TASK BRIEF | With the pictures left aside, write out exactly the lines of the listing below from the line with "Some charts come" to the line with "There are three", both included, and only those.

======== EXCERPTED DATA ========

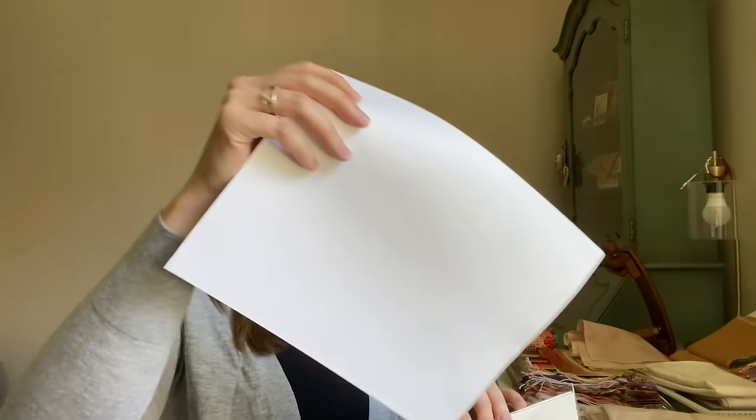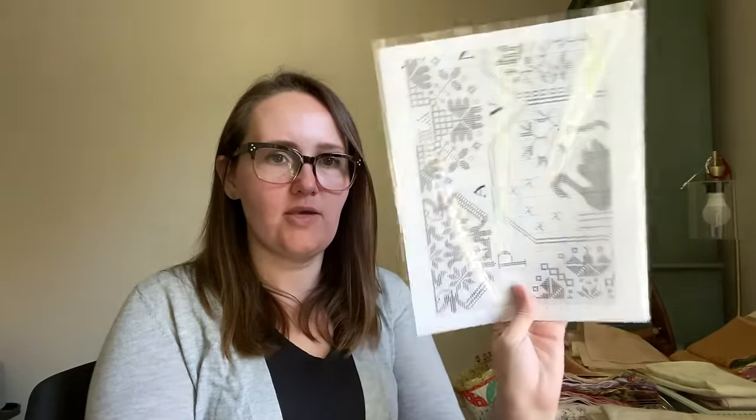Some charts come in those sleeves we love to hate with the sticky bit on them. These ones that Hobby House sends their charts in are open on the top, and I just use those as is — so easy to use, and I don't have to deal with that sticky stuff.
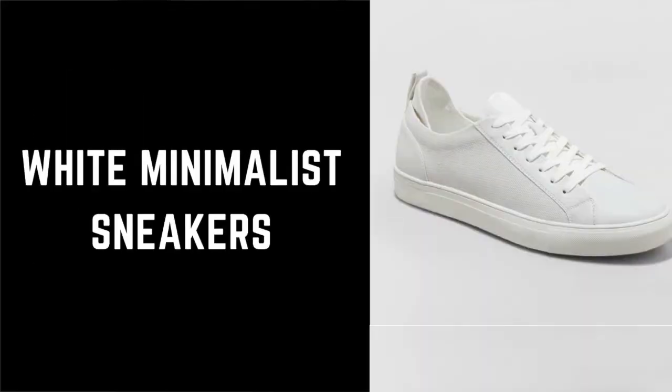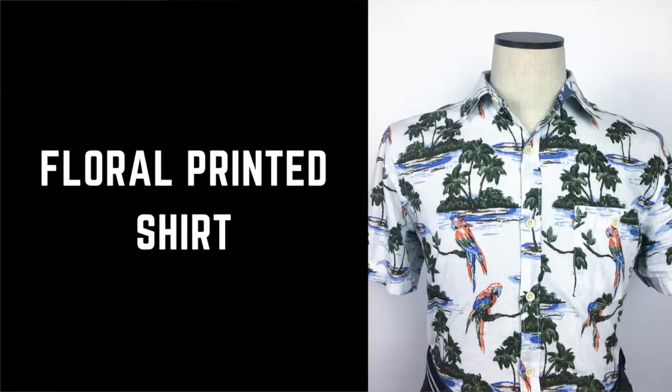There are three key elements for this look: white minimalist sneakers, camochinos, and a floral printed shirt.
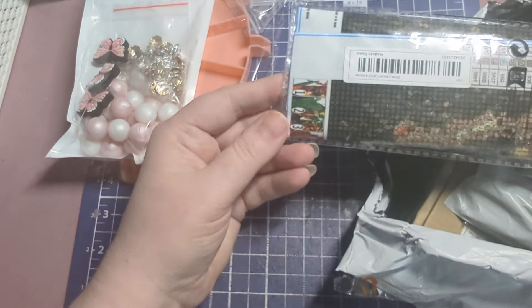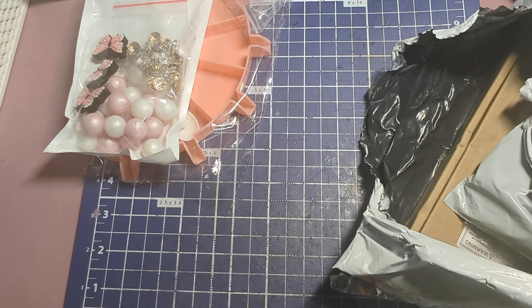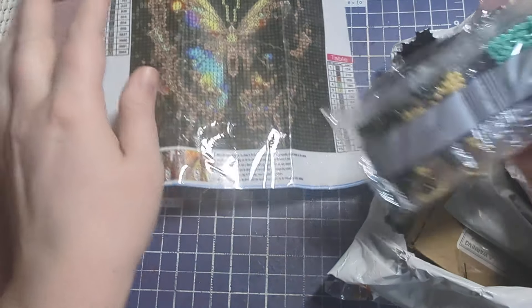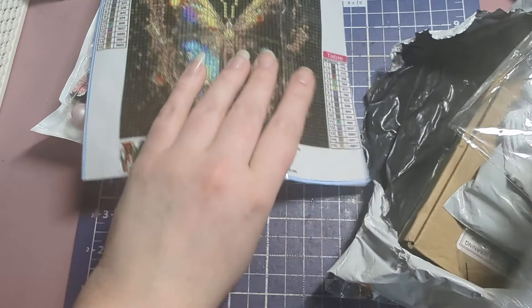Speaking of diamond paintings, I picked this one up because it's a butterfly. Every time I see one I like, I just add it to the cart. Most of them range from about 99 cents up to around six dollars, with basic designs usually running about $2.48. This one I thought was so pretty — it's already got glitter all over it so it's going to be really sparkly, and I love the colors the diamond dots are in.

========
======== EXCERPTED DATA ========

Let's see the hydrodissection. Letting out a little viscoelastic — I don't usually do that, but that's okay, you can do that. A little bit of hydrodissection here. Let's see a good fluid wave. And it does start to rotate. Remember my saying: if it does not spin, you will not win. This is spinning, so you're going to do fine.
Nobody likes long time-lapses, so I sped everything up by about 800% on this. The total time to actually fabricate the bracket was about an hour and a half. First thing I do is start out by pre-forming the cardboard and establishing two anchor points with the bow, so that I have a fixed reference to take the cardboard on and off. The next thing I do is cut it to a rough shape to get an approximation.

========

EXERCISE SOLUTION |
Some charts come in those sleeves we love to hate with the sticky bit on them. These ones that Hobby House sends their charts in are open on the top, and I just use those as is — so easy to use, and I don't have to deal with that sticky stuff.
There are three key elements for this look: white minimalist sneakers, camochinos, and a floral printed shirt.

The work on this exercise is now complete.